- Coat of Arms of the United Kingdom
- Incumbent David Ward since December 2019
- Style: His Excellency
- Residence: Apia
- Appointer: Charles III
- Website: High Commission – Samoa

= List of high commissioners of the United Kingdom to Samoa =

The high commissioner of the United Kingdom to Samoa is the United Kingdom's foremost diplomatic representative to the Independent State of Samoa, and in charge of the UK's diplomatic mission in Samoa.

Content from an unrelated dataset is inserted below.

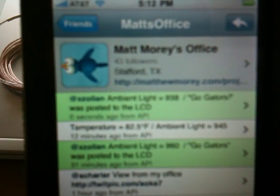And if we look, that first response there, it's hard to see, it's kind of blurry, sorry about that. It does say ambient light equals 830, as well as Go Gators.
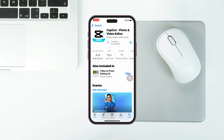How to reinstall CapCut after ban. Welcome back to the Skydex Studio. In today's guide video, I'll show you how you can download and install the CapCut app if it's not available or banned in your country — whether that's the US or any other country you're living in. It's pretty quick and easy, so let's jump right into the video.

As Samoa and the United Kingdom are fellow members of the Commonwealth of Nations, diplomatic relations between them are at government level rather than between heads of state. Thus, the countries exchange high commissioners rather than ambassadors.

==History==
The British Government opened its high commission in Apia in 2019. Previously British interests in Samoa were represented by the British high commissioner to New Zealand who was also accredited as high commissioner to Samoa.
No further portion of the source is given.